The opinion of the court was delivered by: Magistrate Judge Michael T. Mason


Michael T. Mason, United States Magistrate Judge.

Plaintiffs, Trustees of the Chicago Regional Council of Carpenters Pension Fund, Chicago Regional Council of Carpenters Welfare Fund, and Chicago Regional Council of Carpenters Apprentice & Trainee Program ("plaintiffs"), filed this action under Section 502 of the Employee Retirement Income Security Act ("ERISA"), 29 U.S.C. §1132, and Section 301 of the Labor Management Relations Act ("LMRA"), 29 U.S.C. §185. Plaintiffs contend that defendant Union Payroll Agency, Inc. ("UPA" or "defendant") owes plaintiffs $35,417.80 in additional benefit contributions on behalf of one individual, Christopher J. Rademacher, covering the period of December 2003 through March 2007. (Pls.' Mot. for Summ. J. at 2 [27].) Specifically, plaintiffs contend that, based on his salary and supervisory functions, Rademacher fell under certain "160 hour rule" provisions in the applicable Commercial Area Agreement, and thus defendant should have reported him at the minimum monthly amount of 160 hours for that time period.

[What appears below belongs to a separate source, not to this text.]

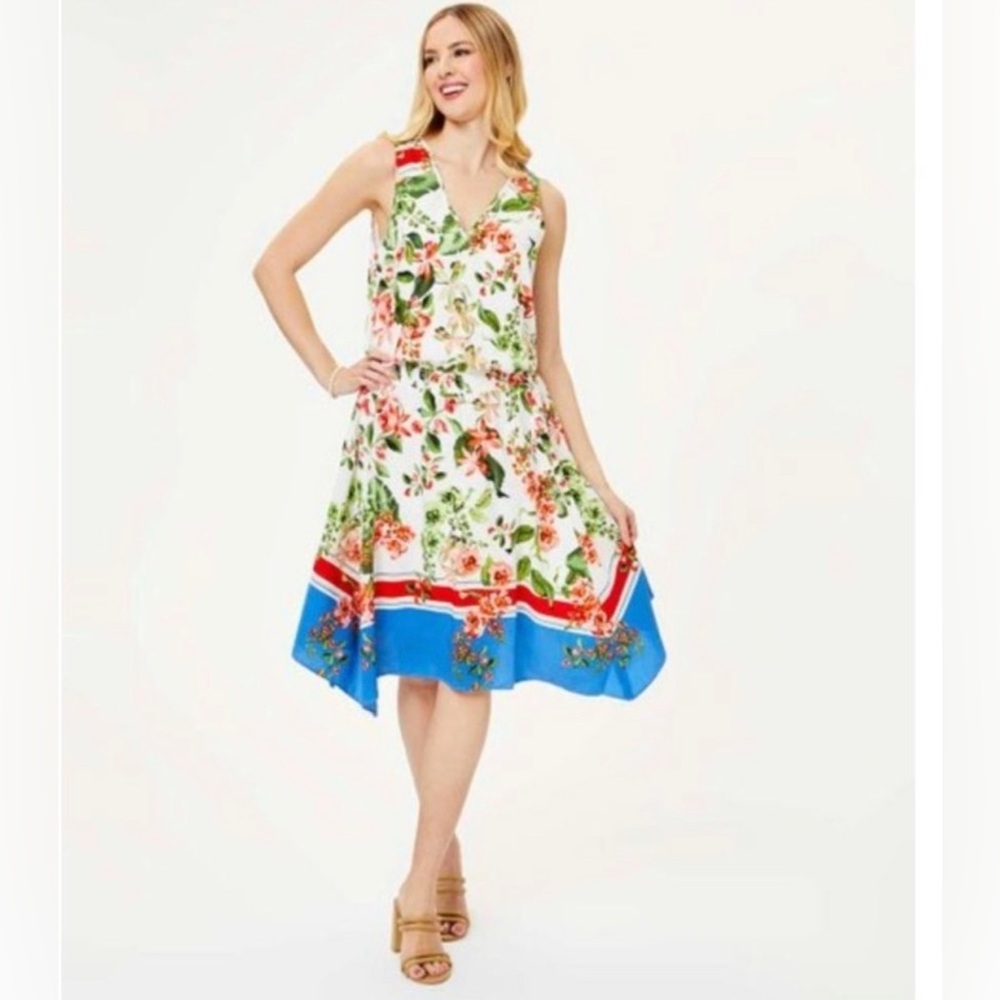 EUC Tommy Hilfiger Floral Sleeveless V-Neck Smocked Waist Dress 18w Asymmetric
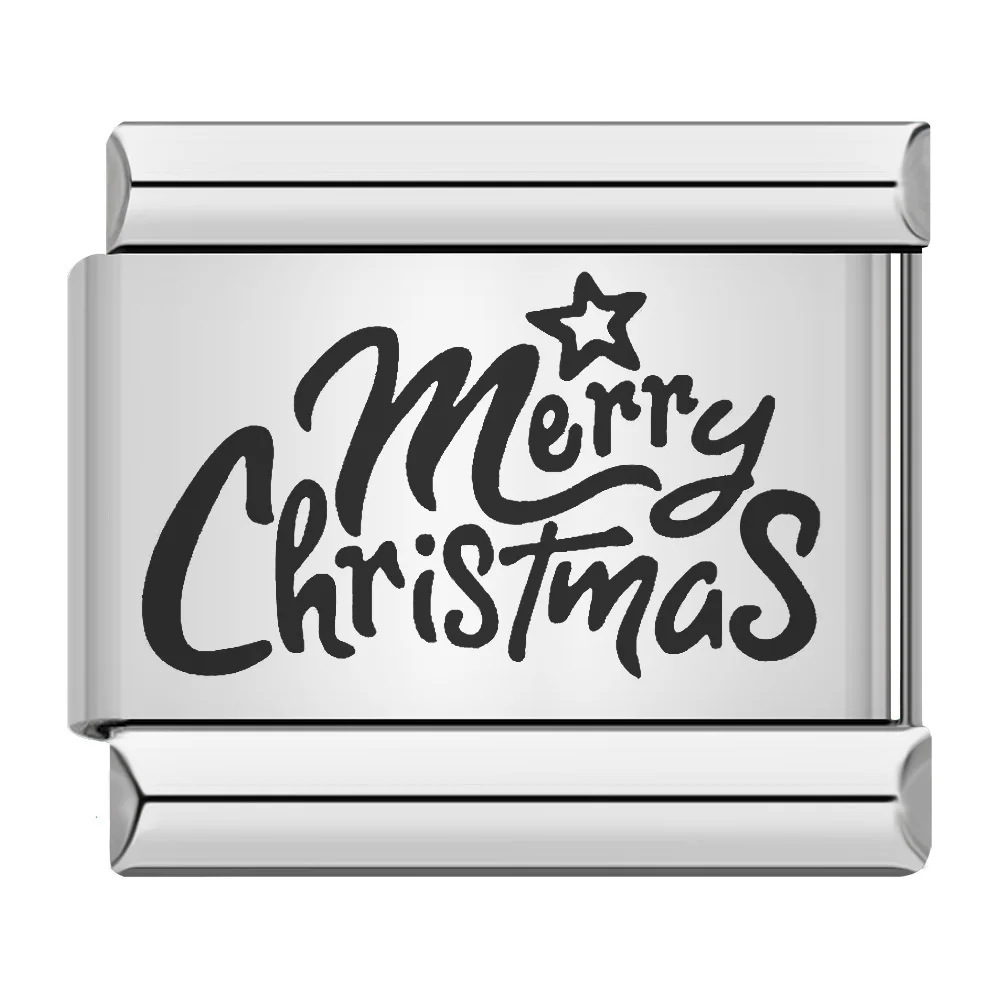 New holiday laser pattern Italian modular stainless steel DIY customizable bracelet/watch strap chain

Plaintiffs also seek to recover $12,711.01 in interest and $7,083.56 in liquidated damages, and request an award of their reasonable fees and costs. (Id.)

In September 2010, the parties consented to the jurisdiction of the undersigned judge for all future proceedings in this matter pursuant to 28 U.S.C. §636(c) [14]. This matter is currently before the Court on the parties' motions for summary judgment. For the reasons set forth below, plaintiffs' motion [27] is granted and defendant's cross-motion [25] is denied.


To state that this is "not a typical ERISA case" is an understatement. (See Def.'s Reply at 3 [45].) Here, defendant is not a construction contractor directly employing individual union members such as carpenters. (Id.) In fact, defendant provides payroll services to businesses employing union labor in the entertainment, tradeshow, and sporting events industries nationwide. Those services include processing weekly payroll and, in certain situations, submitting monthly benefit report forms and contributions to union fringe benefit funds based on hours reported directly by clients via telephone or recorded on weekly time sheets. In exchange for defendant's services, defendant's clients agree to pay defendant an administrative fee along with payment for certain employees' wages, benefits, state and federal taxes, and insurance necessary to cover the clients' payroll.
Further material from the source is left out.